Kacey Johansing’s multi-instrumental potency

What settings (either physical or emotional) do you find to be the most creative for you? Where do you draw inspiration from?

For songwriting, well, it’s all about timing. I have very little control over it; if I try to control it or force it, the creative flow stops. I also need space to create. You’re not going to make anything if you don’t make space for it. So I definitely need privacy, because songwriting is a very personal and vulnerable process. It can be a huge challenge. You put so many judgments on yourself.

Most of the songs that I write come out and I go, “Whoa! How did I do that?” It’s such an amazing feeling afterward. Usually, they come out as a full package like a little baby. (Laughs) They’re always developing inside.

So is being inspired about songwriting different from being inspired with drawing up a melody?

I think being a musical person, melodies are always running through your head. Like…I’m doing the dishes or riding my bike and I hear a melody. They are always spinning around in my head. But songs come from profound experiences that I’m going through, and what I’m feeling needs to be expressed in a song.

Is it mostly an overwhelming feeling of sadness, loneliness, or even happiness?

Sadness, yes. Sometimes happiness. It’s usually sadness or longing, a pining feeling. A few of my favorite songs have been farewell songs. When I’ve lost something, I know I’ll never have it back again. Many songs help me gain some sense of closure.

I have a couple of favorite songs from you: “Angel Island” and “Sleepwalk.” How did you come up with the title “Angel Island”?

“Angel Island”: I met a couple of students who were from England. They lived in San Francisco for a year. We became super close. On their last weekend here, a group of us went to Angel Island and camped.

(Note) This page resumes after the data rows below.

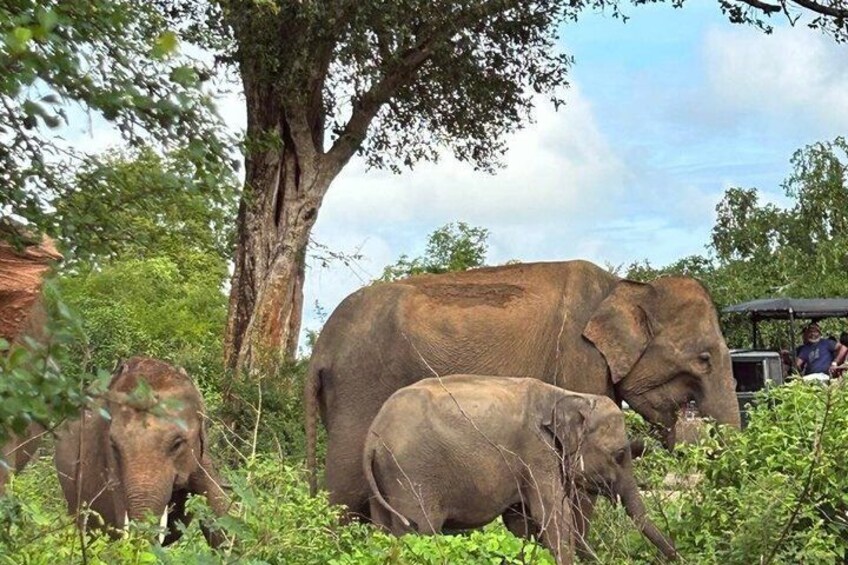 Elephants in a natural setting with trees and a structure in the background. 5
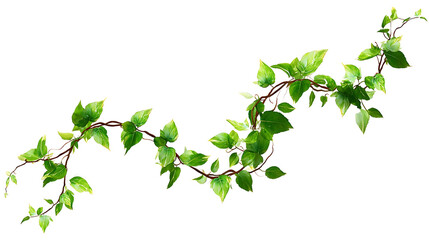 Winding Green Ivy Vine with Variegated Leaves on White Background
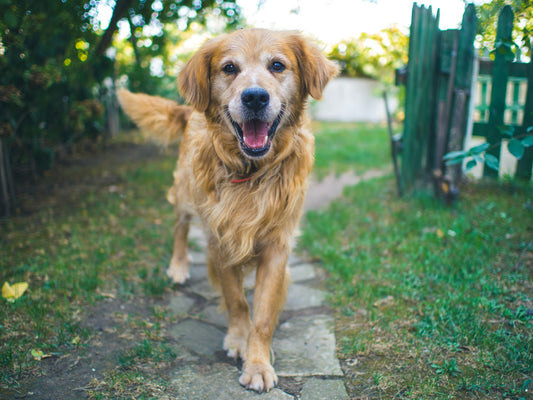 Por Que o Cachorro Abana o Rabo?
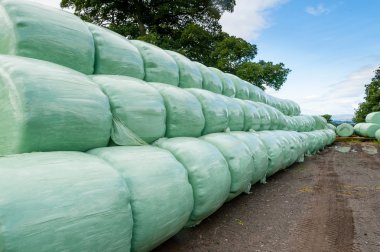 Bales of haylage wrapped in plastic clipart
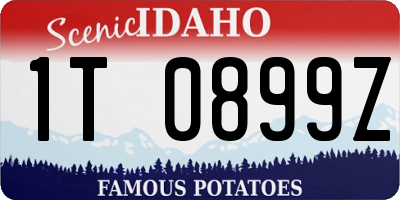 ID license plate 1T0899Z
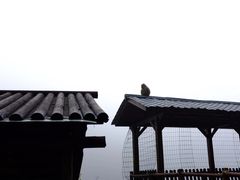 -神农山景区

It was a goodbye song. I was saying goodbye to those friends and also saying goodbye to that era. It was a very special time, and I’m really fond of that song. It’s also an homage to San Francisco.

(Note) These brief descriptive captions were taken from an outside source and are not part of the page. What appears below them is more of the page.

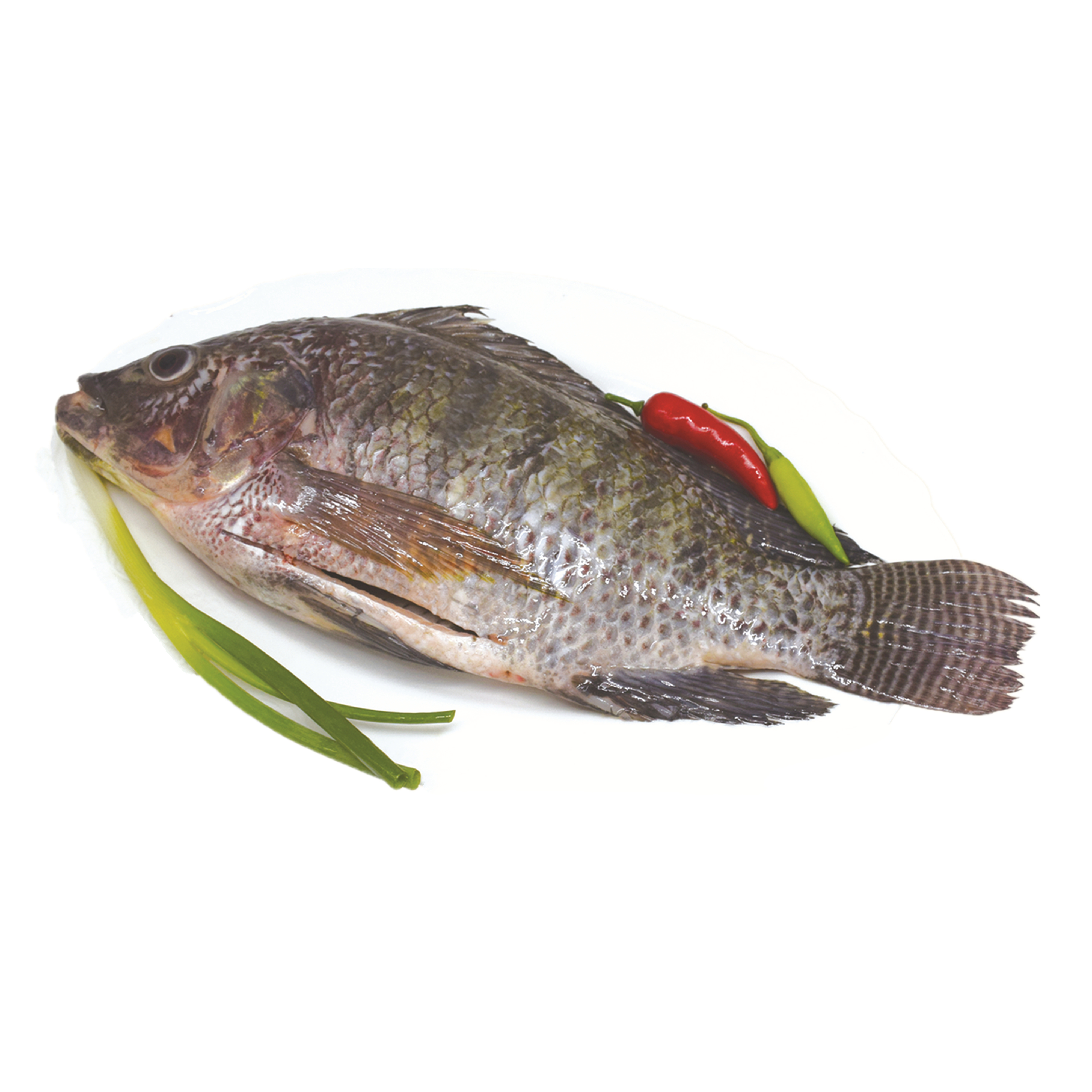Конкурентоспособная цена, замороженные и скорпированные GS Tilapia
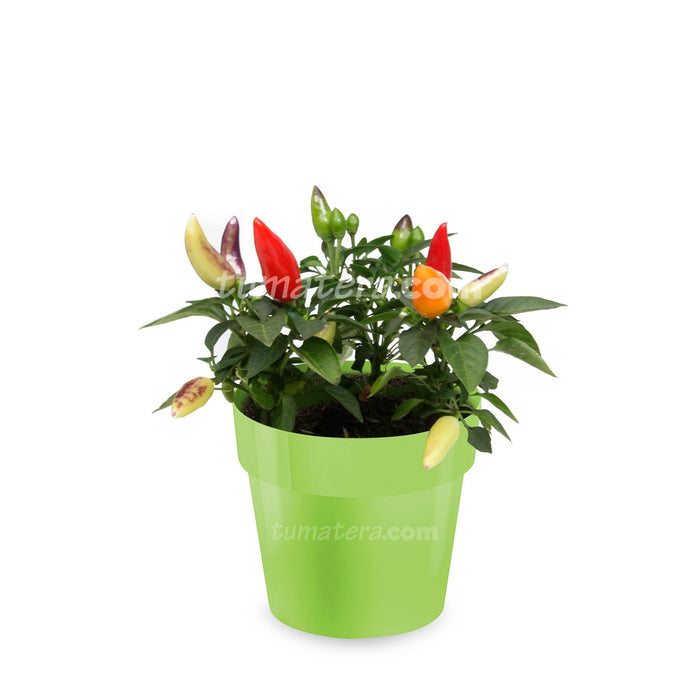 COMBO MATERA IML 12 CM CON AJI - Tumatera.co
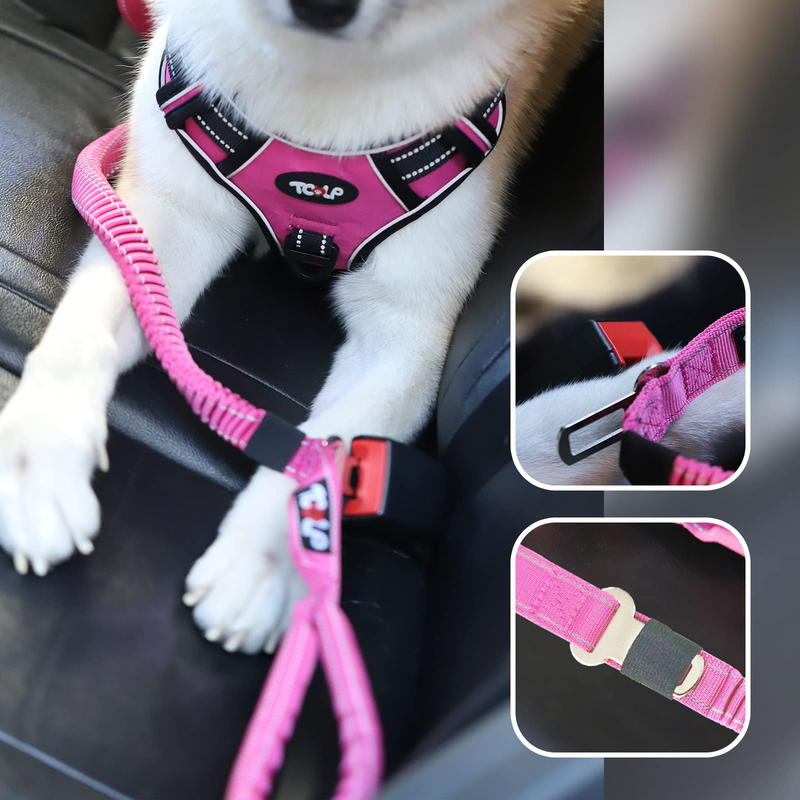 Heavy Duty Dog Leash Stretchy Bungee Multifunctional Solid D-Shape Clasp Pet Leash with Car Seat Belt and 2 Padded Traffic Handle for Large Dog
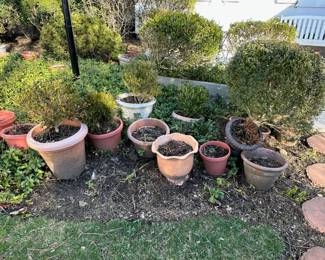 Lots of Garden Pots - Potted Bushes & Shrubs Are For Sale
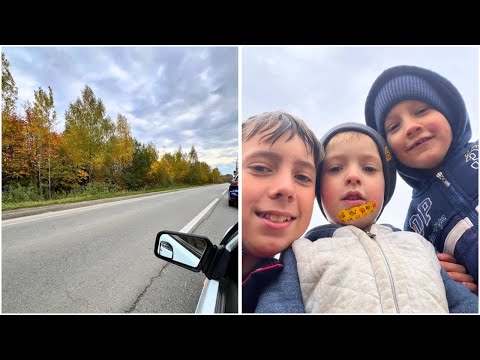 Видео: Завершили сезон городу / По гриби біля будинку / Вартість ремонту авто / Відповідаю на запитання
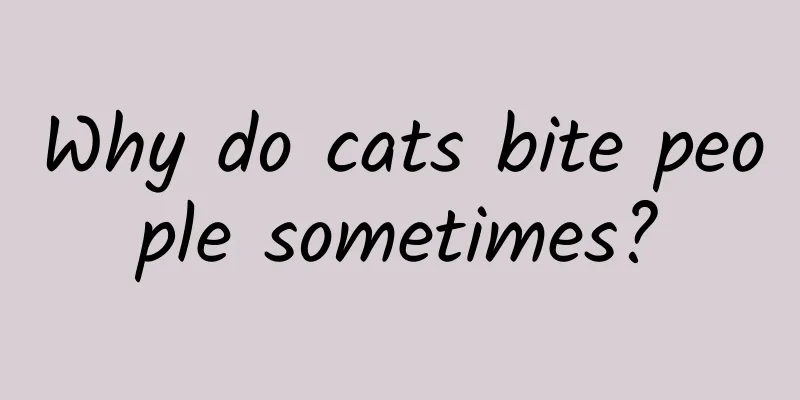 Why do cats bite people sometimes?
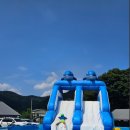 강촌포도펜션&오토캠핑장 이미지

Can you tell more about “Sleepwalk”?

“Sleepwalk” is kind of meditative. I feel like the message is pretty direct, but it’s about me pining for somebody and conjuring a presence in my head. I wanted the dream to come true.

It takes place in this shadiest section of Market Street. I used to live over there, so I guess that’s why I can visualize it so well. It didn’t become fully realized until my friend Nathan Blaz (Geographer, Honeycomb) helped me arrange the string parts. “Sleepwalk” is my favorite song on Many Seasons.

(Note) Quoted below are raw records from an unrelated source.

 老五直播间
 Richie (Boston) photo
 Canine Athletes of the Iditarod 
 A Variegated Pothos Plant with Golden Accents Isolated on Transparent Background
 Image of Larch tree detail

Will you be touring to support your debut album?

Yeah, I [toured] the West Coast during the first week of May, and I’m going to Europe in June. I will be on tour with Honeycomb. We’re going to try and collaborate as well as play separately. We hope to tour together as much as we can at this point.

In the future, if things take off for Honeycomb or for me, we may not be able to. Who knows? I would like it if we could always tour together, because we share musicians and, most importantly, we are like family. I’ve also been fixing up an old school bus, and I’m super excited to fill it with all of my favorite musicians and take it up and down the coast!